Facade of Palazzo Mezzanotte
|Town or city||Milan|
Palazzo Mezzanotte ("Midnight Palace"), also known as Palazzo delle Borse ("Stock Exchange Palace") is a 20th-century building of Milan, Italy, and the seat of the Italian stock exchange. It is located in Piazza Affari ("Business Square"), the city square after which the Italian stock exchange itself is nicknamed. The name "Palazzo Mezzanotte" is a reference to Paolo Mezzanotte, the architect who designed the building.
The original stock exchange of Milan was established in 1808 in the seat of the Mount of piety of the city. The following year it was moved to the Palazzo dei Giureconsulti, in Piazza Mercanti, and at the beginning of the 20th century it was relocated again in a newly constructed building in Piazza Cordusio; this building now houses the headquarters of the Poste Italiane postal service, and has thus been renamed Palazzo della Posta ("Post Palace").
In 1925, the city authorities of Milan launched a project for a new, larger building for the stocks exchange. Architect Paolo Mezzanotte began his design in 1927, and construction works began in 1929. The ruins of a Roman theatre were discovered during the excavations, and this delayed the construction. A plaque showing the map of those ruins is now affixed on one of the outer walls of the palace.
The building was completed in 1932. At its inauguration, it qualified as the most technologically advanced building in Italy; it was the first building to implement a single call button controlling several elevators, it had air conditioning, and housed the largest electric display of the times (in Italy) where stock quotations where updated in real time.

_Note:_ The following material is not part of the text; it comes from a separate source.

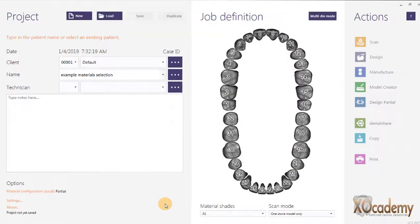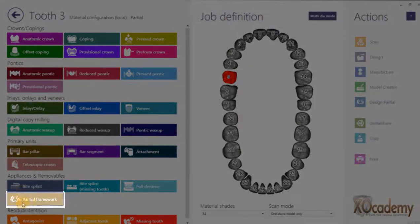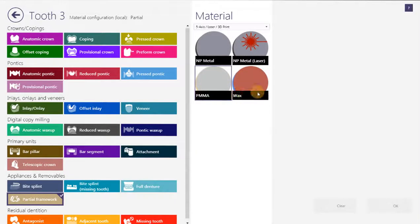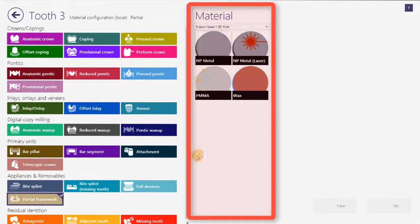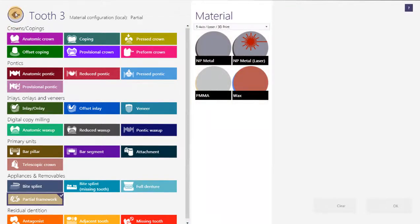That's going to change the work parameters material configuration XML file. Now when I click on tooth number three, I have the partial framework option. I can make this partial framework out of PMMA, wax, or non-precious metal. This middle column is what we're talking about — what options you have available to make whatever restoration you need. That's the materials options or materials configuration.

The building has a monumental, 36 m high facade, in a style that mixes 20th-century architecture and Neoclassicism; it is realized in marble and travertine and decorated with sculptures by Leone Lodi and Geminiano Cibau.
The main room of the Palace, called "sala delle grida" ("cries room") as businessmen would shout their offers to buy and sell, is lighted by a large net, affixed to the ceiling, which reproduces the constellations in the celestial sphere. Since the 1990s, all business is done remotely via the network, and the room has lost its original function; it is now mostly used to house conferences.